* [THE PROBLEM]: Begin at the line below that holds "پسوریازیس چیست و چگونه درمان می‌شود؟" and end at the line that holds "Торакотомия. А) Подмышечная", transcribing each line exactly and skipping any picture.

* [SOURCE INFORMATION]:

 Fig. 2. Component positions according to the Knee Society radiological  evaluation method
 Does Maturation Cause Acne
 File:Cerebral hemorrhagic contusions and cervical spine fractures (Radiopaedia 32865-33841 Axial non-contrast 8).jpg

==

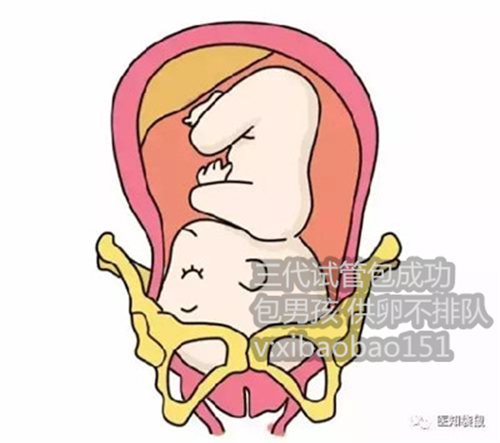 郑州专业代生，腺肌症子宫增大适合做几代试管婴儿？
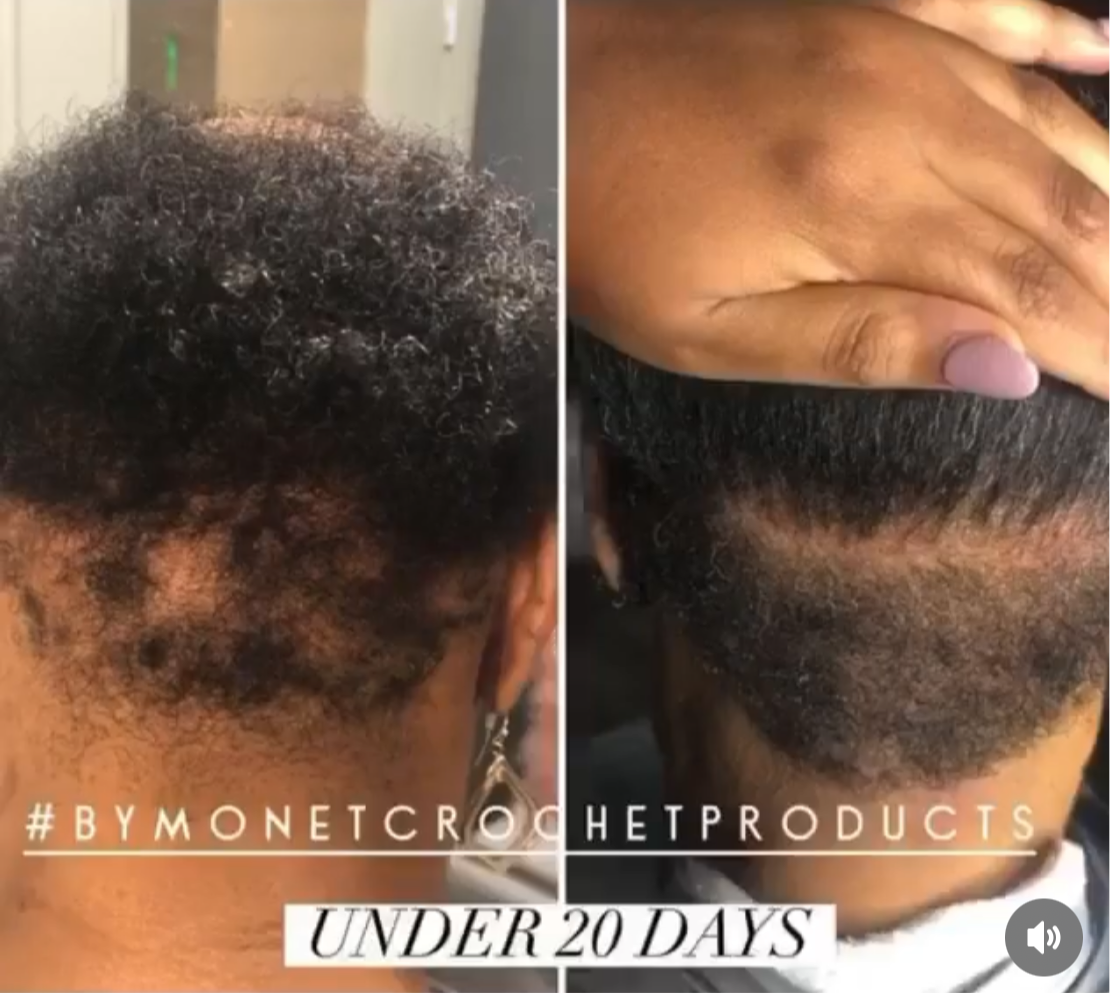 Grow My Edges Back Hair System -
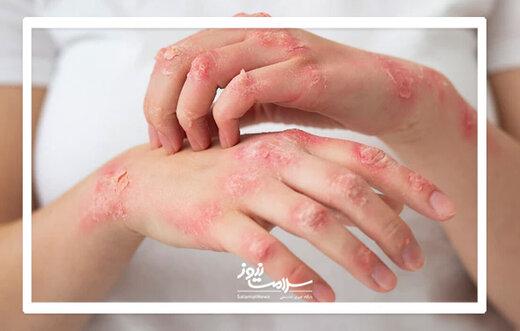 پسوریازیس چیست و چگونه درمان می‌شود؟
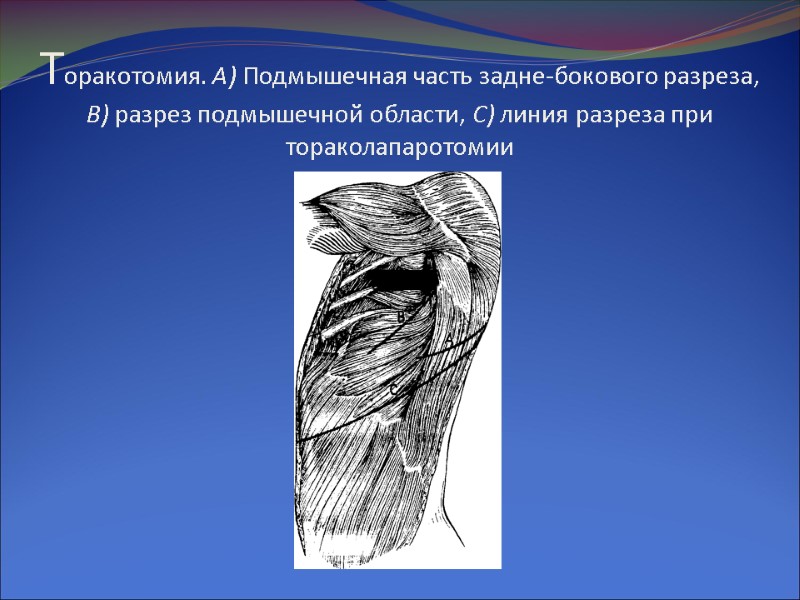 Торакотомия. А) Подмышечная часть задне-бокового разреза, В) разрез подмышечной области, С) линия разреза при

==

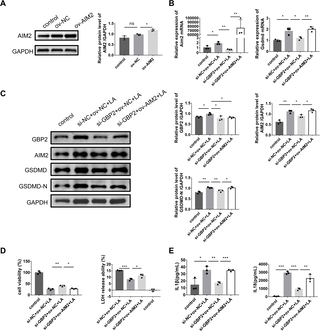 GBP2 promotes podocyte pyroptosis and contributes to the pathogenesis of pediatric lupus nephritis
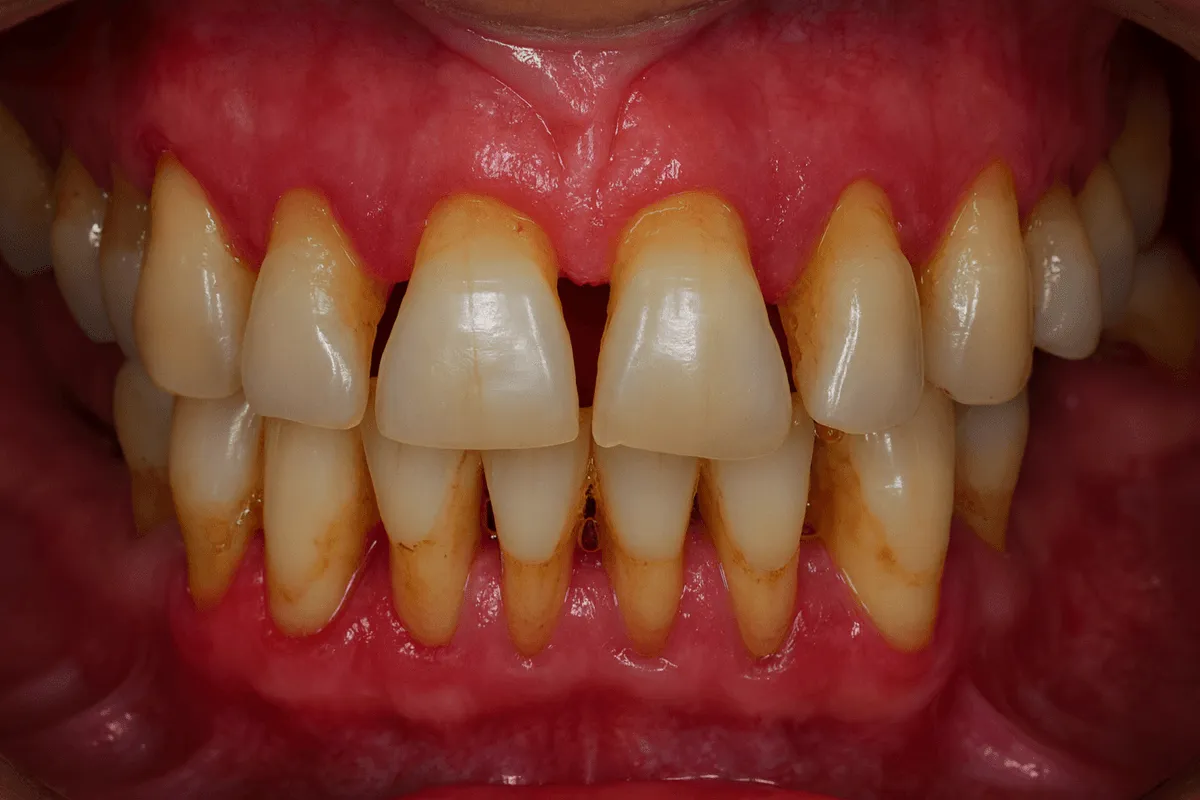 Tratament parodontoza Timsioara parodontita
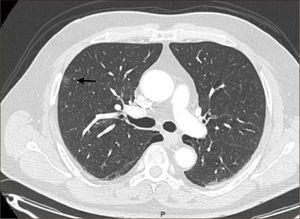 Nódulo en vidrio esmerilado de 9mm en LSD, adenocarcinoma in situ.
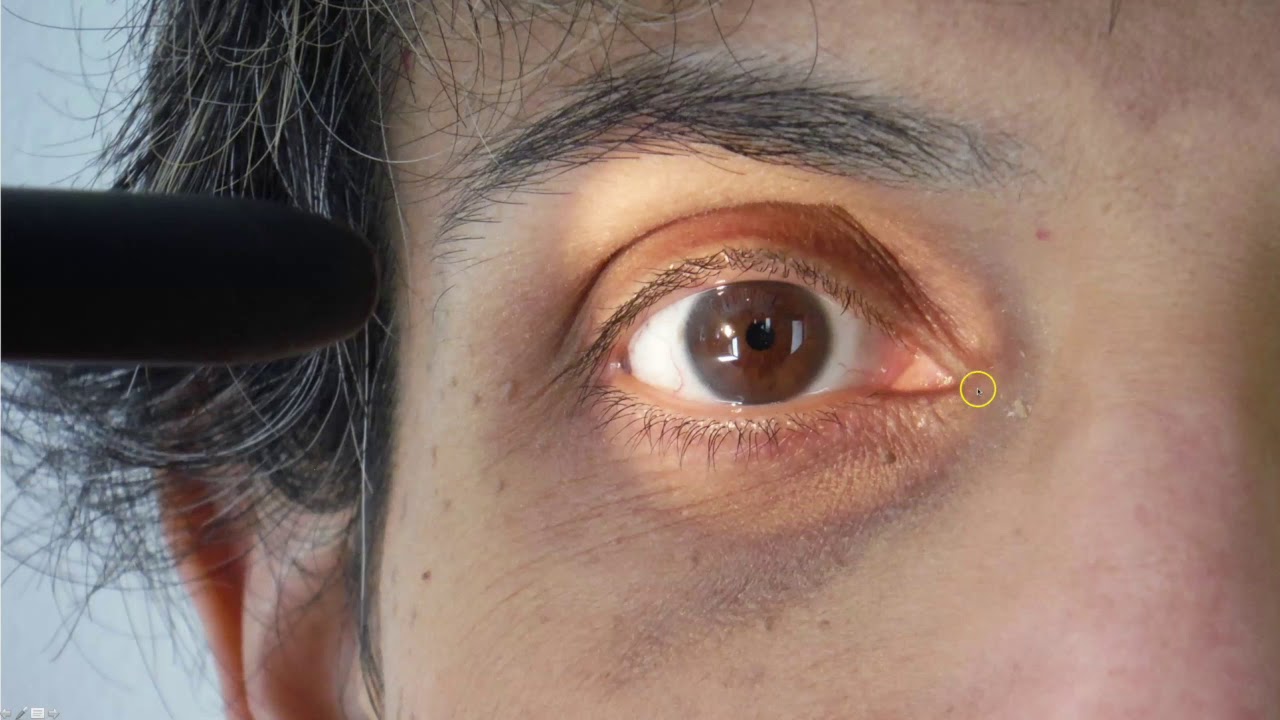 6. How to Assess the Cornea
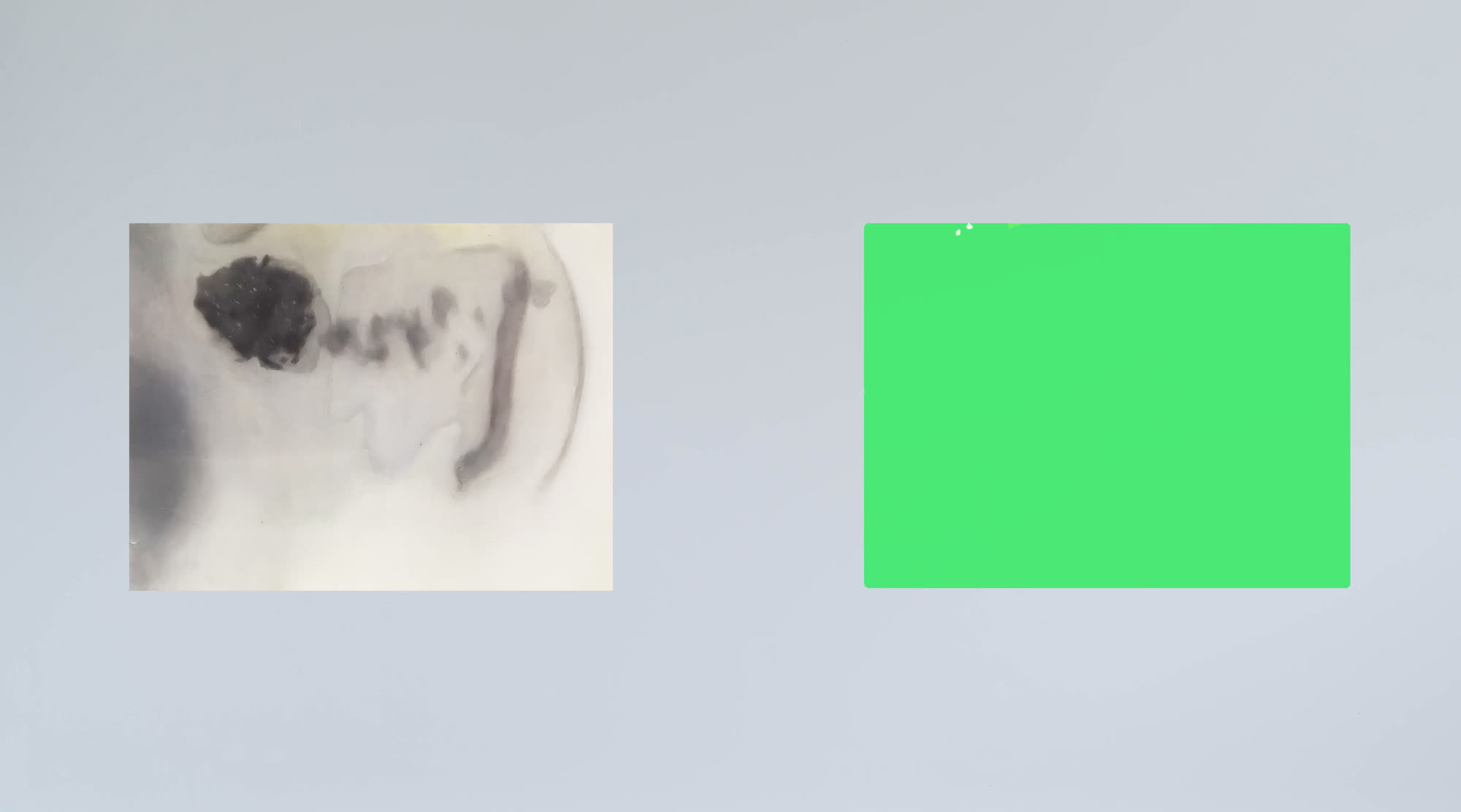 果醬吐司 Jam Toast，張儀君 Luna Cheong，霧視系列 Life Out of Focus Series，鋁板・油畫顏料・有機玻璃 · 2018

* [COMPLETED TASK]:
 پسوریازیس چیست و چگونه درمان می‌شود؟
 Торакотомия. А) Подмышечная часть задне-бокового разреза, В) разрез подмышечной области, С) линия разреза при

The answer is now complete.